Completion Bonus Grant (CBG) Program Based on Performance
The CBG program represents just one component of a diversified state strategy. The program essentially provides performance-contingent grants to companies for dispatchable generation projects of 100 MW or more that interconnect to ERCOT before June 1, 2029. Unlike the In-ERCOT Loan Program’s fixed rates and terms, the CBG ties payments directly to operational metrics, creating dual incentives: speed to market (earlier interconnection dates trigger higher per-MW awards) and sustained reliability performance.

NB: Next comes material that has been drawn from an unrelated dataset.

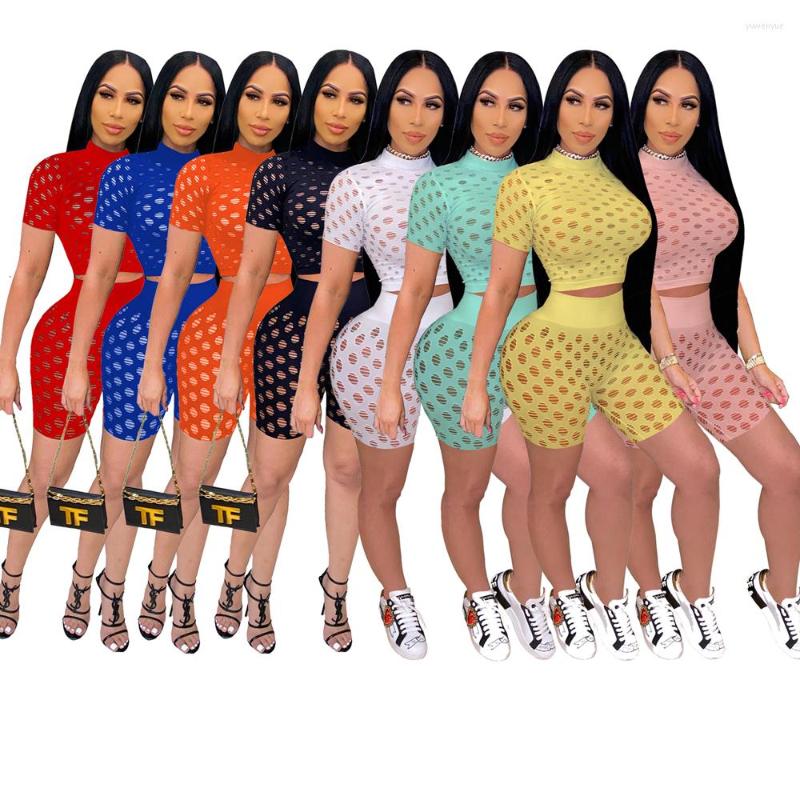 Women' Tracksuits 2022 Women Solid Color Holes Hollow Out Two Piece Set Summer Short Sleeve Sweatshirt And Shorts 2 Sets, Pink
Women' Tracksuits 2022 Women Solid Color Holes Hollow Out Two Piece Set Summer Short Sleeve Sweatshirt And Shorts 2 Sets, Pink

Resources interconnecting before June 1, 2026, are eligible for $120,000 per MW; those connecting between June 1, 2026, and June 1, 2029, receive $80,000 per MW. Grants are paid over 10 years, with annual payments contingent on ERCOT-measured performance during “test periods” (June 1–May 31) evaluated against a reference group of other thermal generation resources in ERCOT.
According to the PUCT, the program’s performance metrics are stringent. ERCOT calculates the Performance Reliability Factor (PRF)—the average ratio of each resource’s real-time high sustainable limit to its obligated capacity during the 100 hours with the least operating reserves (termed “assessed hours”)—and the Availability Reliability Factor (ARF), measuring the proportion of time the resource was available and not in planned outage. Resources performing at or above the 90th percentile with ARF between 0.9 and 1.0 receive full annual payments; those between the 50th and 90th percentiles receive discounted payments; and those at or below the median receive no payment for that test period.
“Annual payments are contingent upon the performance of the power plant. Performance is measured by ERCOT during an annual “test period” and compared to the performance of a reference group of other generation resources in the ERCOT region. Specific performance metrics are outlined in the PUCT’s CBG rule,” the PUCT said on Monday.
Second Timmerman Unit Under Construction
For LCRA’s Timmerman Unit 1—so far the only announced and executed CBG agreement—the first test period runs from June 1, 2026, to May 31, 2027. ERCOT will calculate the results within 45 days of the end of each test period.
LCRA owns or has rights to approximately 3,750 MW of generation capacity serving wholesale electric customers across Central Texas. The utility’s generation portfolio includes the 1,625-MW Fayette Power Project, a three-unit coal-fired plant in Fayette County (with Austin Energy co-owning two units); the 540-MW Thomas C. Ferguson combined-cycle natural gas plant in Horseshoe Bay, which began operating in 2014; and the 176-MW Winchester Power Park natural gas peaker facility in Fayette County. LCRA also operates hydroelectric facilities across the Highland Lakes and holds ownership shares in the Sandy Creek Energy Station and Lost Pines Power Plant.
LCRA is also now developing Timmerman Unit 2, which is expected to be operational in 2026. “Unit 2 will supply about 190 MW of power, bringing the plant’s total capacity to about 380 MW,” the company says. Wärtsilä, which has supplied its 10 50SG engines, notes the technology consumes “little to no water, which is an important feature in Texas, an area often affected by drought.”
“As more people and businesses move to Texas, the state needs more dispatchable power that can be available quickly during times of peak demand,” LCRA adds. “The natural gas-fueled Timmerman Power Plant is a peaker plant that can ramp up and shut down in minutes, providing power when it is needed the most.”